«Stand by»: Archivo personal
Cuando la veterinaria que se ocupa de la salud de los gatos del Barrio comunicó que la señorita Valvanera regresaría de México —donde ha pasado unos meses invitada por Luis, el exmosén— el treinta de septiembre, las bachilleras invadieron la casa de su antigua maestra armadas de cepillos, fregonas, bayetas, limpiacristales y otros adminículos de limpieza y avisaron a Emil, el manitas, para que revisara el tejado y acondicionara el tiro de la chimenea.

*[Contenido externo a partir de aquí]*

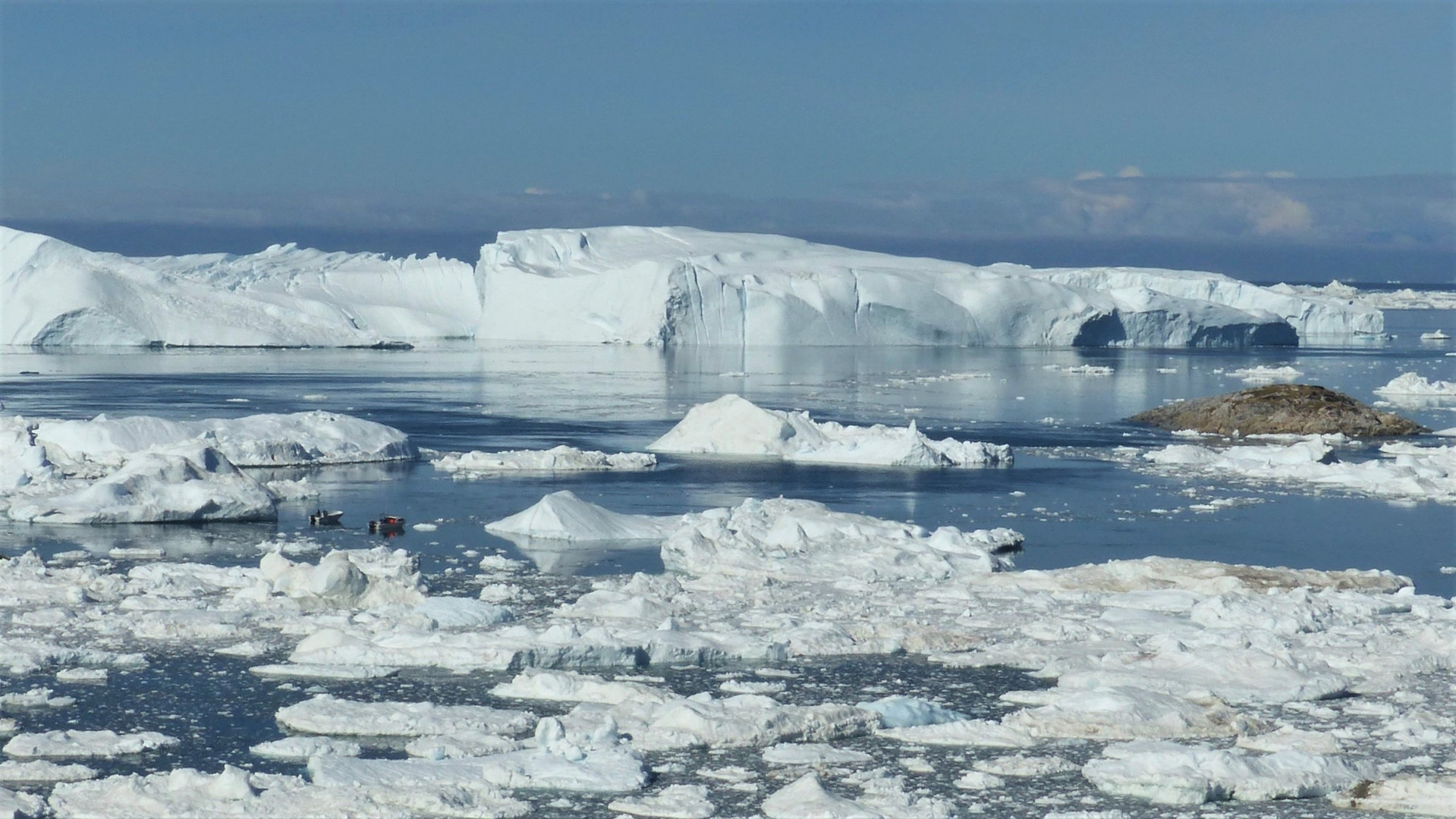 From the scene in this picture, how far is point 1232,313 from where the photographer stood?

Las bachilleras fueron, a principios de los sesenta, cuando la señorita Valvanera tomó posesión de su plaza en la Escuela del Barrio, sus alumnas mayores; todas a punto de abandonar la escuela para marchar a servir o trabajar de dependientas en la capital o para quedarse en casa ayudando en las labores agrícolas. La señorita Valvanera, entonces joven pero con la misma firmeza de carácter que ahora, reunió a las familias de las muchachas y les dijo que ninguna de sus chicas, independientemente del trabajo a que se dedicara en el futuro, dejaría los estudios sin haber obtenido el título de Bachiller Elemental. Y a esa tarea se aplicó con aquellas jovenzuelas de doce, trece y catorce años a las que preparó con mimo y entusiasmo para que se examinaran por libre en el instituto de la ciudad.

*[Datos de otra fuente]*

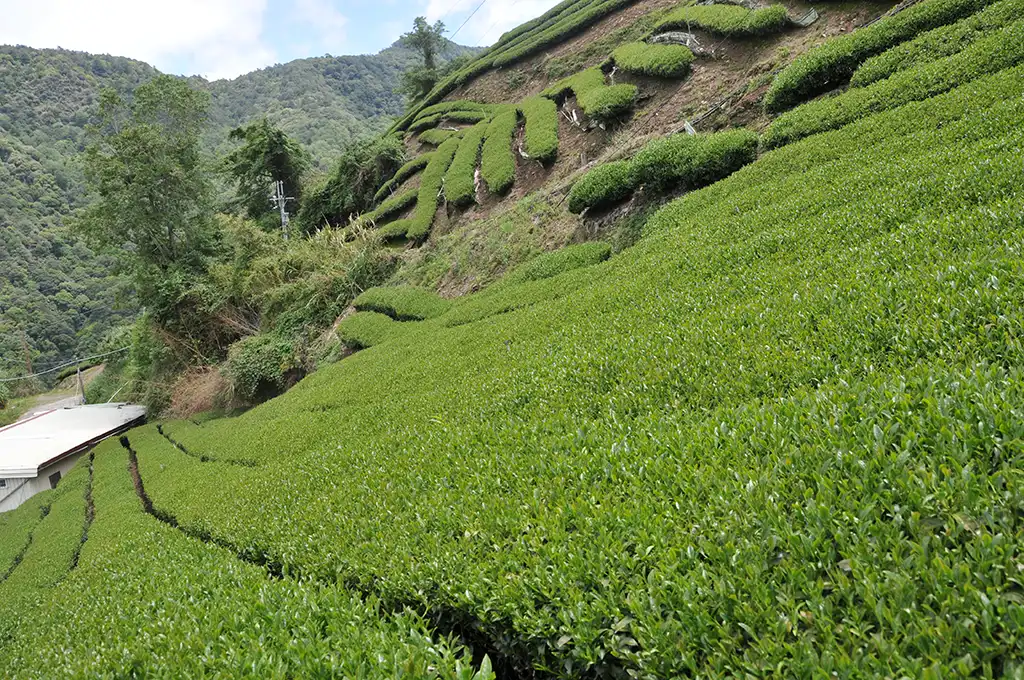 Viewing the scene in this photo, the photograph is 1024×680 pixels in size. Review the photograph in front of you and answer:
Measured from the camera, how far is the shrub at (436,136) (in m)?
27.2

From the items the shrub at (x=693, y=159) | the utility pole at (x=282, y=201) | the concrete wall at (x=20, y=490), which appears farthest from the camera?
the utility pole at (x=282, y=201)

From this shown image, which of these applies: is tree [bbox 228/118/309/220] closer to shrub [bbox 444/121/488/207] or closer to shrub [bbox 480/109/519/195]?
shrub [bbox 444/121/488/207]

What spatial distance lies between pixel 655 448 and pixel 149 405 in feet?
96.5

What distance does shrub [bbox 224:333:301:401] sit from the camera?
60.8ft

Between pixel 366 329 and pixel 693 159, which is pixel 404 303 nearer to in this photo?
pixel 366 329

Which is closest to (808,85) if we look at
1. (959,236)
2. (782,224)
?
(782,224)

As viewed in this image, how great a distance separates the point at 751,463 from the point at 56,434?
102ft

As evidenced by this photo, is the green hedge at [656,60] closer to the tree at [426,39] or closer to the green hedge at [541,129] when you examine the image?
the green hedge at [541,129]

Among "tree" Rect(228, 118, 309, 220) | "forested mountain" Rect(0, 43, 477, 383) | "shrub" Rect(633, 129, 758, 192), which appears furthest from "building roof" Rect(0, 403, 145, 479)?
"shrub" Rect(633, 129, 758, 192)

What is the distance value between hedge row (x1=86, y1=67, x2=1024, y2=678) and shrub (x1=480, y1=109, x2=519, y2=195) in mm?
13061

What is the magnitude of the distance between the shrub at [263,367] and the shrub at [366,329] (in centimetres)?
310

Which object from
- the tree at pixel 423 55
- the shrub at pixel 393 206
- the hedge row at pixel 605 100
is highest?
the tree at pixel 423 55

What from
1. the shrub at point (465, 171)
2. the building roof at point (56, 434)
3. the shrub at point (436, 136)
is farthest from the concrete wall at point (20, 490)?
the shrub at point (436, 136)

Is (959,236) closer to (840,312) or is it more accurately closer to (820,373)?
(840,312) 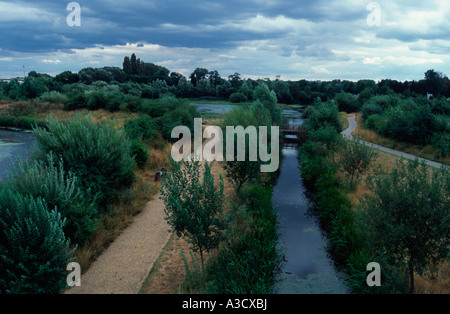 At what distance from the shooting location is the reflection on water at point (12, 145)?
841 inches

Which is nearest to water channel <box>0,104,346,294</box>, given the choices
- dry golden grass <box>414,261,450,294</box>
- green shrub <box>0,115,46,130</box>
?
dry golden grass <box>414,261,450,294</box>

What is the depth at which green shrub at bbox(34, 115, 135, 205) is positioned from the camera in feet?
35.2

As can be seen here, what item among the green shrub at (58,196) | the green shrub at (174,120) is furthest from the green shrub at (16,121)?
the green shrub at (58,196)

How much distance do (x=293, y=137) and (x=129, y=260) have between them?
3149cm

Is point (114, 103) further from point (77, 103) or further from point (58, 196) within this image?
point (58, 196)

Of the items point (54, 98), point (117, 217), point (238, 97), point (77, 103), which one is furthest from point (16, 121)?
point (238, 97)

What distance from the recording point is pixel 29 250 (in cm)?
593

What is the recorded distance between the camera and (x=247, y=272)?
795cm

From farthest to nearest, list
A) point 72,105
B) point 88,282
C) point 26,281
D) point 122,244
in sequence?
1. point 72,105
2. point 122,244
3. point 88,282
4. point 26,281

Trini, Presen, Maruja y las ya fallecidas María Cruz e Isabel, fueron la prístina tanda de bachilleras del Barrio y el primero de los muchos pulsos que echó, y casi siempre ganó, la maestra al convencionalismo pueblerino. Era, dicen, al igual que ahora, tan convincente en sus planteamientos y tan implicada en todo lo relativo al Barrio, que las gentes del pueblo —salvo Pascualita, la Gripia, que la odiaba con ganas— llegaron a no tomar en consideración algunas peculiaridades de la profesora que, en otras circunstancias y teniendo en cuenta la época, le hubieran acarreado consecuencias negativas. Porque la señorita Valvanera, aquella joven desgarbada que gastaba un hablar dulce incluso cuando discutía, vestía, normalmente, con pantalones, entraba en el bar —donde ninguna otra mujer del Barrio lo hacía, salvo para limpiar—, se bañaba en el río con un pecaminoso dos piezas, se paseaba del brazo de Anselmo, el anarquista, y sólo pisaba la iglesia en las grandes celebraciones, cuando su ausencia hubiera sido casi una afrenta para el Barrio, aunque nadie, ni siquiera en esas ocasiones puntuales, la viera acercarse al confesonario o a comulgar.
La casa de la señorita Valvanera, vacía desde febrero, se airea con ventanas y puertas abiertas al otoño mientras el patio muestra, todavía, vestigios de la primavera.
Hay, aún, en la cocina, un ligero olor a limpiador de pino y a bolsitas de lavanda.